> _Data extract_

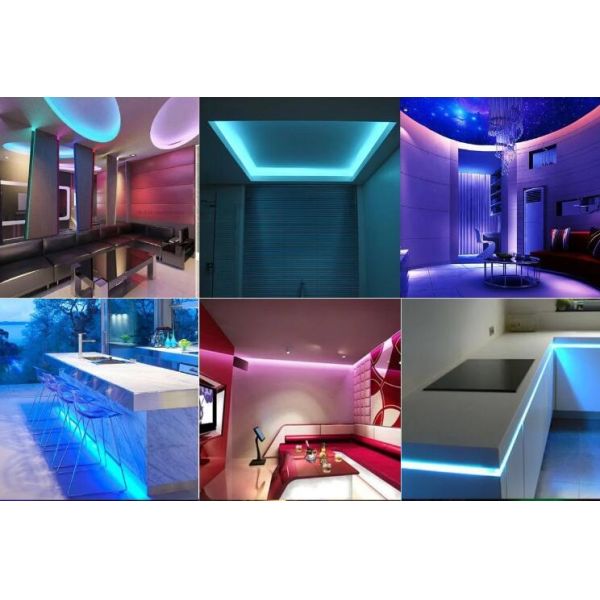 5V USB Led Strip Light RGB LED USB Flexible 5V LED Strip Light TV Backlight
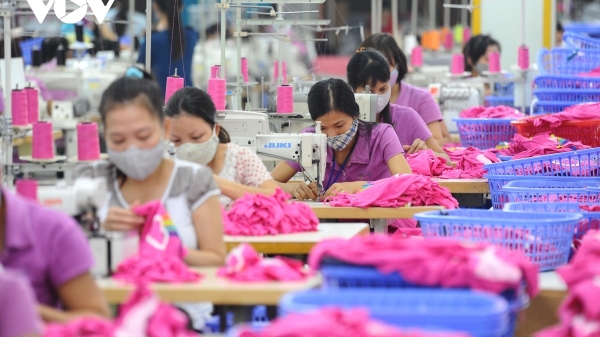 Thị trường lao động quý 3/2022 tiếp tục khởi sắc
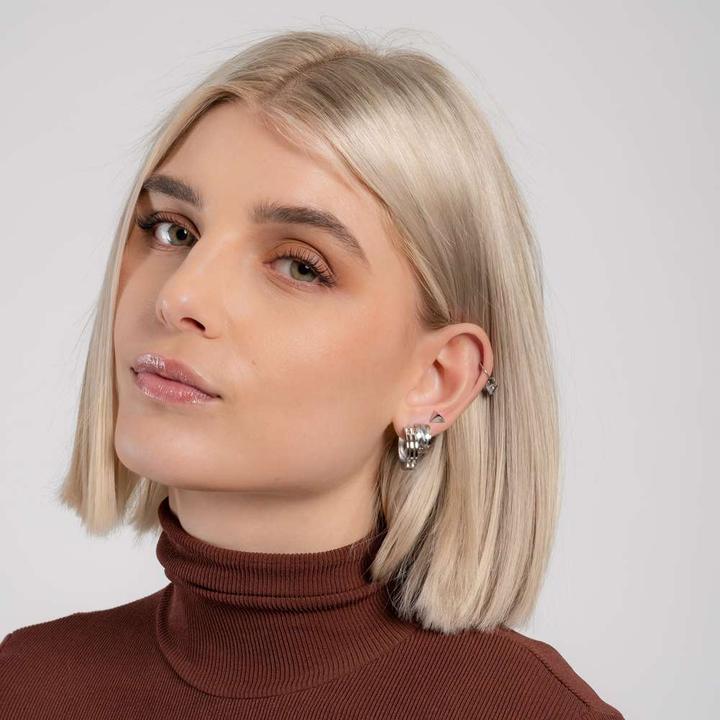 Image du produit Bijouteria Créoles (Acier inoxydable)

> _Exercise_
Copy the listing word for word, excluding its pictures.

> _Answer_
 5V USB Led Strip Light RGB LED USB Flexible 5V LED Strip Light TV Backlight
 Thị trường lao động quý 3/2022 tiếp tục khởi sắc
 Image du produit Bijouteria Créoles (Acier inoxydable)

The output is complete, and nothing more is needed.